ASSIGNED TASK
From the data below, return only the lines from the one with "MiMC Mineral Creamy Cheek 11 Calm Pink" through the one with "ANILLOS RACER CIELO LANOS STD/ MK RIK 40345", exact and inclusive, with pictures left out.

EXTRACTED MATERIAL

[Start of section]

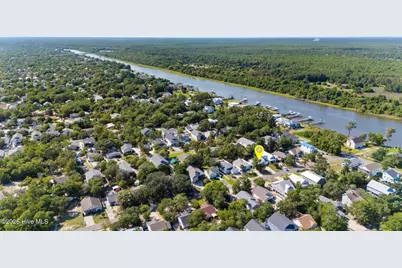 153 NE 19th Street, Oak Island, NC 28465 - Photo 57
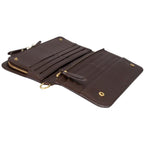 LO-LV bags 10959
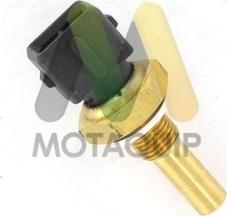 Motaquip LVCT316 - Датчик, температура охолоджуючої рідини autozip.com.ua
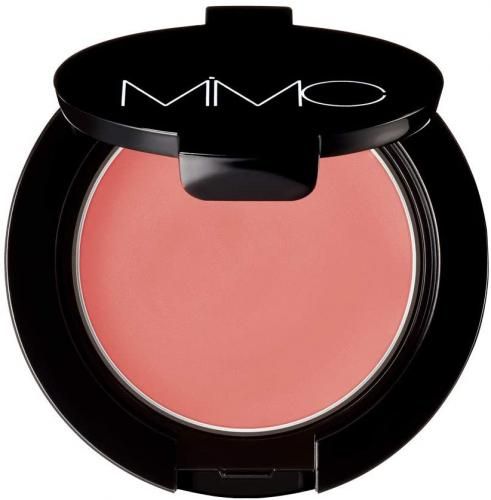 MiMC Mineral Creamy Cheek 11 Calm Pink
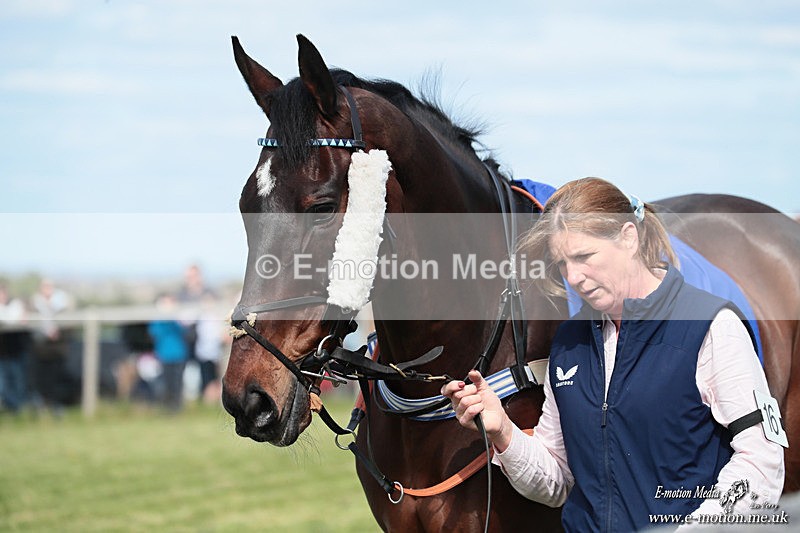 PtP 190426 598 - Vine & Craven PtP Kingston Blount 19/04/26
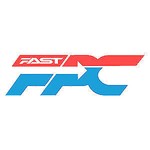 fast-pc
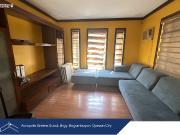 Acropolis Greens Subd Libis, QC H&L for Lease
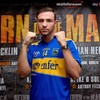 'He needs me more than I need him' - Matthew Macklin on possible Andy Lee bout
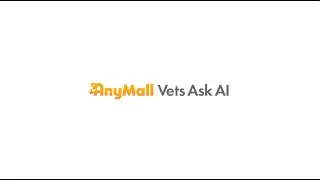 ３分でわかるA'aldaとVets Ask AI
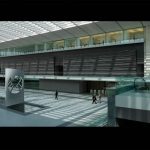 Diseño conceptual de Capitán América: El Soldado de Invierno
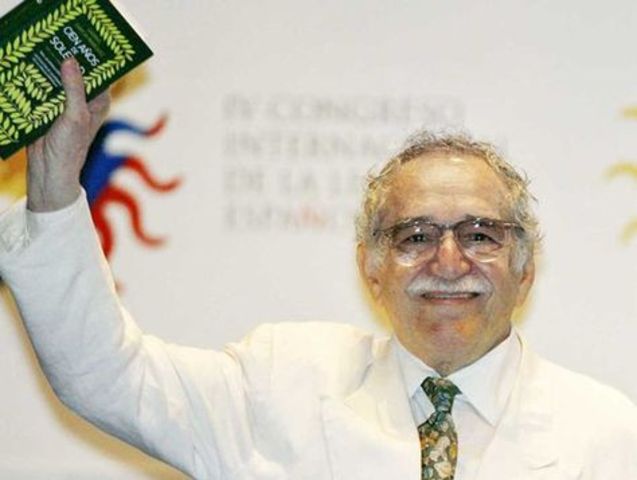 el Premio Nobel de Literatura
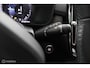 Volvo XC40 1.5 T5 Plug-in Hybrid Ultimate Dark | Pano | 360° | Harman Kardon | Adapt. Cruise | Keyless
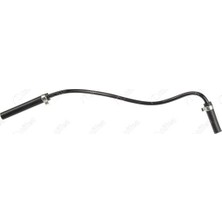 Nifea Nıfea 14630 Yakit Borusu Fiat Doblo 05> 1.9 D Multijet 186 A9.000 51773178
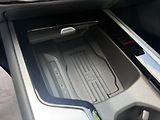 Volkswagen Passat Elegance 2.0 TDI 110 kW DSG Va - náhled 19
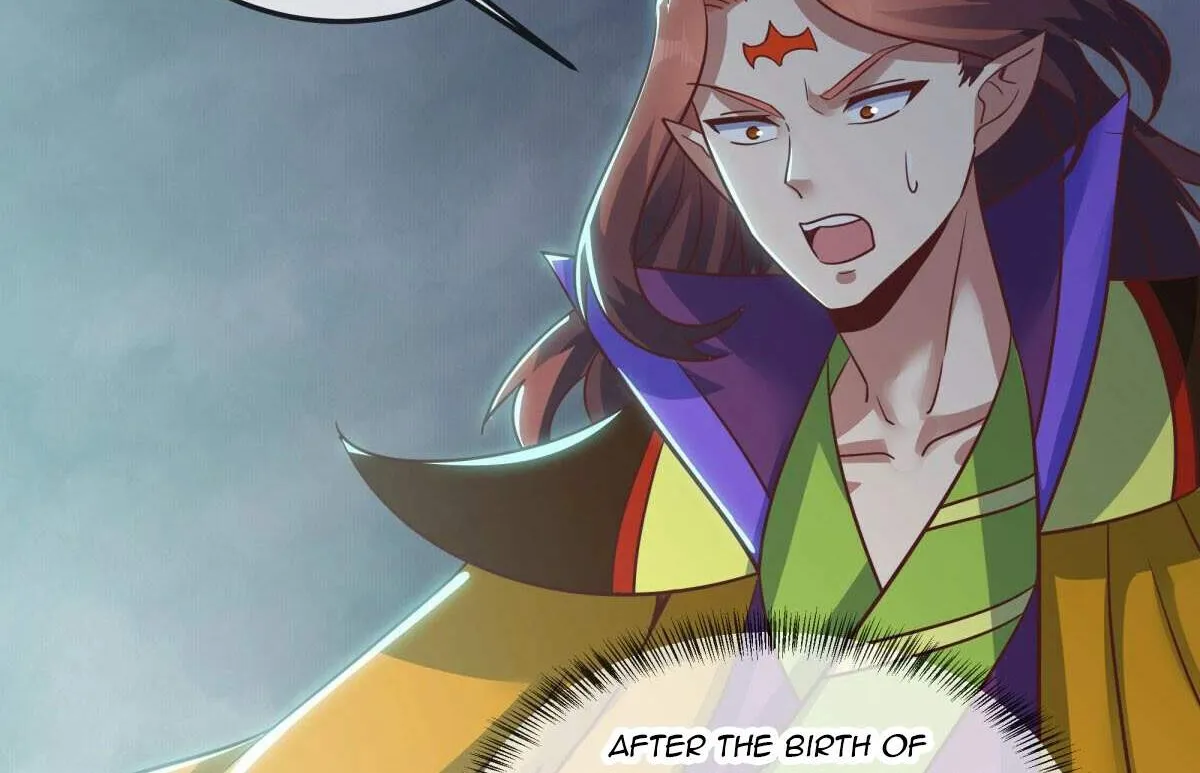 Chapter 684 — page 26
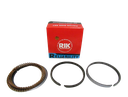 ANILLOS RACER CIELO LANOS STD/ MK RIK 40345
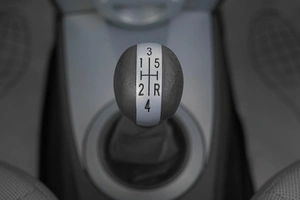 Хетчбэк Chery Kimo (A1) 2012 года, 329000 рублей, Кемерово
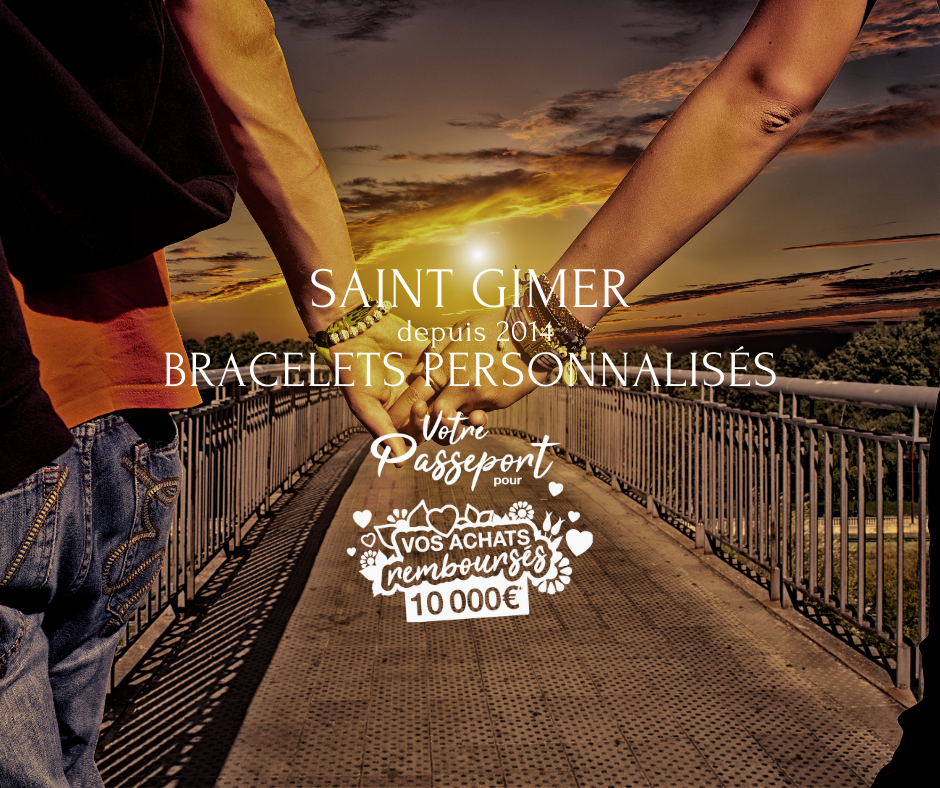 L’esprit est-il une machine prédictive?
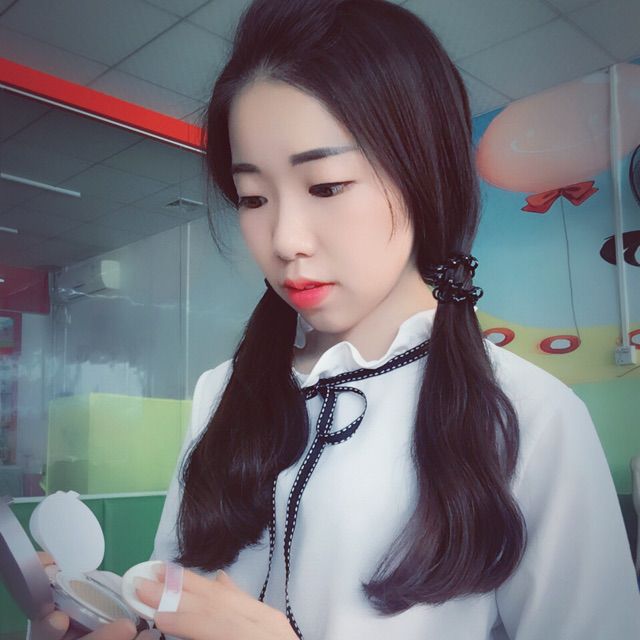 阿黎@ 17/03/10 08:03                       配合的天衣无缝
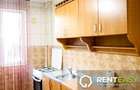 Apartament cu 2 camere situat in zona Gaudeamus - Copou - 3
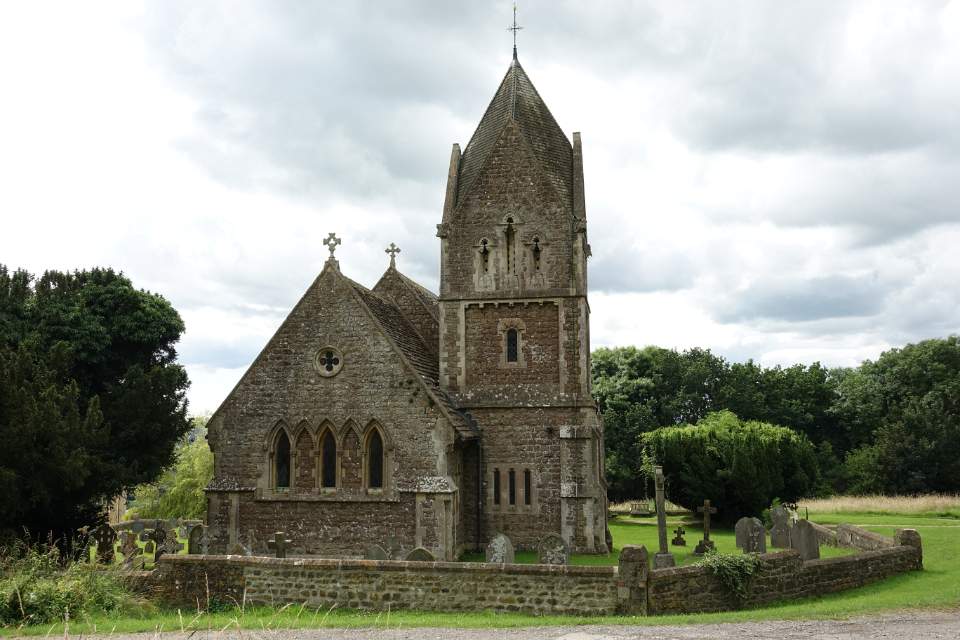 DSC00335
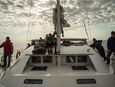 Sale the yacht Wilderness 1500 «Kosatka» (Foto 3)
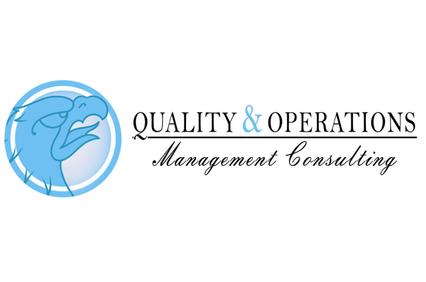 Quality Operations logo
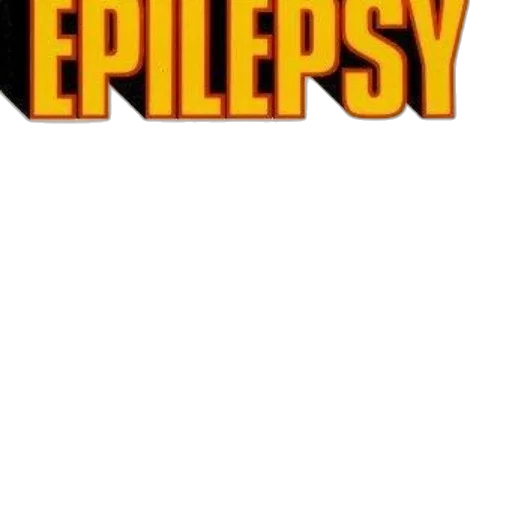 staff, pixel art, concept art, comic book art, cover, epilepsy, alvin, silverstein transparent PNG cut-out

[End of section]

RESPONSE FOR THIS EXERCISE
 MiMC Mineral Creamy Cheek 11 Calm Pink
 PtP 190426 598 - Vine & Craven PtP Kingston Blount 19/04/26
 fast-pc
 Acropolis Greens Subd Libis, QC H&L for Lease
 'He needs me more than I need him' - Matthew Macklin on possible Andy Lee bout
 ３分でわかるA'aldaとVets Ask AI
 Diseño conceptual de Capitán América: El Soldado de Invierno
 el Premio Nobel de Literatura
 Volvo XC40 1.5 T5 Plug-in Hybrid Ultimate Dark | Pano | 360° | Harman Kardon | Adapt. Cruise | Keyless
 Nifea Nıfea 14630 Yakit Borusu Fiat Doblo 05> 1.9 D Multijet 186 A9.000 51773178
 Volkswagen Passat Elegance 2.0 TDI 110 kW DSG Va - náhled 19
 Chapter 684 — page 26
 ANILLOS RACER CIELO LANOS STD/ MK RIK 40345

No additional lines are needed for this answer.